Hierher gehört in erster Linie die Pflicht, die Geschäftsbücher kaufmännisch zu führen, die gesammte Korrespondenz zehn Jahre lang aufzubewahren, alljährlich die Bilanz und Inventur aufzunehmen, über­haupt eine nach kaufmännischen Grundsätzen durchgeführte Organisation einzurichten.
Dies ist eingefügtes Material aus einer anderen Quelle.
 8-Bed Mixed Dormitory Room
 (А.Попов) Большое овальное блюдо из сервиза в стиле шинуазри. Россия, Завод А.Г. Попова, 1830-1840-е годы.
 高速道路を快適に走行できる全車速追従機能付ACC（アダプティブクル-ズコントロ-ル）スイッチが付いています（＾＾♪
Unterlässt die Geschäftsinhaberin die Befolgung dieser Vorschriften, so droht ihr zwar in der Regel keine Strafe; gerät sie aber unglücklicherweise in Zahlungsschwierigkeiten und muss infolge­dessen den Konkurs anmelden, so kann sie dann unter Umständen wegen betrügerischen Bankerottes bestraft werden. Von den übrigen Pflichten des Kaufmanns, welche die Geschäftsinhaberin be­obachten muss, wollen wir hier nur erwähnen, dass sie bei Beginn des Gewerbes dasselbe bei der Ortspolizeibehörde anzumelden hat, und für ihre Angestellten die Kranken-, Unfall- und Invaliditätsversicherung besorgen muss. Demgegenüber teilt sie auch alle dem Kaufmann zu­gestandenen Vorrechte. Sehr wichtig ist hier das Firmenrecht, das heisst das Recht, neben ihrem bürgerlichen Namen einen Geschäfts­namen zu führen, den sie in das Handelsregister eintragen lassen, und bei Aufgabe des Geschäftes mit dem letzteren verkaufen kann. Bei Geschäften, die über den Kleinbetrieb hinausgehen, ist ferner das Recht, einem der Angestellten Prokura zu erteilen, vielfach unentbehr­lich. Macht die Geschäftsinhaberin hiervon Gebrauch, so gewährt sie dadurch ihrem Prokuristen die Befugnis, an ihrer Stelle nahezu alle Geschäftshandlungen vorzunehmen. Sehr beliebt ist es, auf diese Weise dem Ehemann der verheirateten Geschäftsinhaberin einen weit­gehenden Einfluss auf das Geschäft einzuräumen, ohne ihm das Eigen­tum an demselben zu übertragen.

2. Die Kontoristin

Der Begriff Kontoristin ist schwankend. Man versteht darunter einerseits jüngere Buchhalterinnen, die nur untergeordnete Arbeiten machen, ohne das Übertragen der Bücher zu übernehmen, anderseits aber auch wieder gerade die vielseitig thätigen, die alle Kontorarbeiten, einscbliesslich der gesamten Buchhaltung, besorgen und stellt sie in Gegensatz zur Buchhalterin, die nur die Bücher führt und sich um sonst nichts zu kümmern braucht.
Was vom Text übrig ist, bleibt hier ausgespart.